The Settings option to download images sent via MMS texts automatically needs some clarity. For one, when I specifically toggled it on, a test photo sent to me via text didn't save to my PC—though my phone isn't configured to automatically save photos sent to my phone. (The photo appeared inline as a text message, though, as it should have.) It would also be helpful to know exactly where MMS images are saved, and if they're automatically backed up to OneDrive. This is why people use Snapchat, after all.
Unfortunately, Messages still shows any message threads that you've archived on your phone, including automated texts of one-time passwords that a web service may send you for two-factor authentication. (Keep in mind that it's more secure to use an authenticator app for 2FA instead.)
Notifications
Likewise, Notifications represent nothing more than the Android notifications that apps already send to the home screen of your phone. There's not much to do here, although you do have the option of filtering those notifications so that only a subset gets passed along to your PC.
Like notifications of new email, those slide in from the bottom right and reside in your Action Center. That's reason enough to consider the filtering options, as right now you can see one notification slide in for a new email on your phone, and another from the Mail or Outlook app on your PC.
Phone screen
This is one of the more interesting value-added features of Your Phone: the ability to access your phone's home screen, and by proxy, access any Android apps that may be on it. Overall it might be more convenient just to simply haul out your phone. On the other hand, if doing so would be rude, Your Phone is a convenient way to access it surreptitiously.
Because you're interacting with your phone over a Bluetooth connection, you'll notice some lag. (As a test, I tried a couple of games over the Your Phone connection; something like Angry Birds is playable, but an action game is not.) Remember that you can't easily lower your phone's volume without physically interacting with it, so you'll have to dive into the phone's settings menu to adjust it. A recent update added one-touch as well as long-press functionality.
If there's an Android app that you need to access surreptitiously, with no Windows or web counterpart available, the phone screen feature can be handy.
Calls
With the recently announced Calls, Your Phone finally becomes…a phone. Make sure that you enable your phone to share its contact list with Windows. Calls doesn't appear to access the Windows 10 People app or Outlook, which is where Windows would store that contact information.

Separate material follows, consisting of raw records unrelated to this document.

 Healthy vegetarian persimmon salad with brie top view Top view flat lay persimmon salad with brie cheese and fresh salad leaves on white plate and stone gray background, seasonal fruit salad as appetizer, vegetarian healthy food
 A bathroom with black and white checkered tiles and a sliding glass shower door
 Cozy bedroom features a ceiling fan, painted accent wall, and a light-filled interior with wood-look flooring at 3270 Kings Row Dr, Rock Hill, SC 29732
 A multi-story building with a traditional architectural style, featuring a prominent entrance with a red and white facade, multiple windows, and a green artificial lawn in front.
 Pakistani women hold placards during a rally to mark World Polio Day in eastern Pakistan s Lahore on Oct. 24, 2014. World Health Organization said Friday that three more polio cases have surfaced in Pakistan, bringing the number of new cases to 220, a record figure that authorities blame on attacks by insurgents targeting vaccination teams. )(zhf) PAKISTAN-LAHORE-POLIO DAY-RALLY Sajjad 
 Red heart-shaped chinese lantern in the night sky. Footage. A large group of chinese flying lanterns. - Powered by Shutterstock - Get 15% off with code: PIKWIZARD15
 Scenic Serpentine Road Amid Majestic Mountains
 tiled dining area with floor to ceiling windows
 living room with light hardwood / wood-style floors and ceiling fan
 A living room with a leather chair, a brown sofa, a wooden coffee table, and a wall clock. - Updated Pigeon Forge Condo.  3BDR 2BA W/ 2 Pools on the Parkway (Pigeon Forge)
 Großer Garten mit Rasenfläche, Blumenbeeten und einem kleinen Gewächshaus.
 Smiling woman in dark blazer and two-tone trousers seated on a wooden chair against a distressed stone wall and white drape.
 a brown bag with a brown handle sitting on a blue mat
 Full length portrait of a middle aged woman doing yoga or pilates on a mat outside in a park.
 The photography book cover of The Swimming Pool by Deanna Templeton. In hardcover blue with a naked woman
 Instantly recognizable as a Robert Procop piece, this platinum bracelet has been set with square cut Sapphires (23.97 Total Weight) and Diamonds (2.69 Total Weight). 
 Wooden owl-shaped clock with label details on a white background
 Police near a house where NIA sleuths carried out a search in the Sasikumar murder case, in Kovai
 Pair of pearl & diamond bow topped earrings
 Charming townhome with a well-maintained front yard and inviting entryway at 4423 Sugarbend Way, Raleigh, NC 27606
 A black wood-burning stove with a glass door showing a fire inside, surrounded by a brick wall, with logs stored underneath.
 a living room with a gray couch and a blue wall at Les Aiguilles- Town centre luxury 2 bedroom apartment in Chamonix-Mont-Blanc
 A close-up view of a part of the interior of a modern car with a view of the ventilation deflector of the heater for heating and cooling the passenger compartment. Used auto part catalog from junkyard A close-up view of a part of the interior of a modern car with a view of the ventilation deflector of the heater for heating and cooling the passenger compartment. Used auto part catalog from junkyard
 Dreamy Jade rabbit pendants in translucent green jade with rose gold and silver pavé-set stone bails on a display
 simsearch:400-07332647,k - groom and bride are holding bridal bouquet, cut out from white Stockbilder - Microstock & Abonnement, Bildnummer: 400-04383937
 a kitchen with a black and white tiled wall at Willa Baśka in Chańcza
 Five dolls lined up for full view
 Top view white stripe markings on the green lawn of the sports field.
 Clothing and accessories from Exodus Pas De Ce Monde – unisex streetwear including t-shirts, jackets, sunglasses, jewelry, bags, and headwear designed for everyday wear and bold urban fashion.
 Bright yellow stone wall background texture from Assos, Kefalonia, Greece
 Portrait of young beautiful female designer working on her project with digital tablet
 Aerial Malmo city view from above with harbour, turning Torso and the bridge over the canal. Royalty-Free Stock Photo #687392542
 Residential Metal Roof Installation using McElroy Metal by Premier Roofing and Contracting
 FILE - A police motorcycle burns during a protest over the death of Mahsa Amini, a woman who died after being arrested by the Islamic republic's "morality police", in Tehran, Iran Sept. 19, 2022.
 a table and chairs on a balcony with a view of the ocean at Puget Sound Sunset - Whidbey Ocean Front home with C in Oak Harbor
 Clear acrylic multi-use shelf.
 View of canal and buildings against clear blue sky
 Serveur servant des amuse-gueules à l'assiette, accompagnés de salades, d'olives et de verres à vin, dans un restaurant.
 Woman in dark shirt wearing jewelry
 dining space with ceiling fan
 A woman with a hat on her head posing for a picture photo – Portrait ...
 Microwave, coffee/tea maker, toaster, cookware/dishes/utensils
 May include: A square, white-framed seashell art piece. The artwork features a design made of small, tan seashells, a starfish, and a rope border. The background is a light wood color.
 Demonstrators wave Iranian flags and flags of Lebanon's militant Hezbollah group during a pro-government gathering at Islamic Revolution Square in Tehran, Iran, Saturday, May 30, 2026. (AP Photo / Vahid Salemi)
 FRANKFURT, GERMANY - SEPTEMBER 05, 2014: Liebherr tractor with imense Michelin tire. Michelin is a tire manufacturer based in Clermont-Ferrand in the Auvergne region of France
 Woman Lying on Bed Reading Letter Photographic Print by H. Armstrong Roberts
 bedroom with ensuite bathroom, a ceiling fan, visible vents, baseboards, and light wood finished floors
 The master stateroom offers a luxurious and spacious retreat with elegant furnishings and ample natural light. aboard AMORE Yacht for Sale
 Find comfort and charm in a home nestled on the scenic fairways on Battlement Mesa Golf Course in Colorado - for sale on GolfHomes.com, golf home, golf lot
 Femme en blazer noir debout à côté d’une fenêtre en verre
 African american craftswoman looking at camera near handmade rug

Calls allows you to use your laptop's speaker and mic to talk to callers, which of course is anything but discreet. On the other hand, if you're working in a private office, you don't need to unearth your phone to answer or place a call.
Assuming you've never used Skype before, it can be rather fun to place and respond to a call from your PC. I did notice a bit of an echo or "tunnel" effect when responding to callers, though that may be patched out over time.
So is Your Phone ultimately useful? It can be, in the sense that an Android watch or Apple Watch allows you to surreptitiously glance at your wrist—or in this case, your screen—to see what your phone is reporting. A wearable does much more—but that's an additional device and an additional cost.
Fortunately, the most basic functions are probably the most useful: the ability to see and respond to texts and notifications, as well as to grab a photo from your phone and use it quickly within a Windows application. Those Your Phone features are available now, via a broad range of phones and PCs. They're definitely worth trying out.
This story was updated on Feb. 20 with updated information.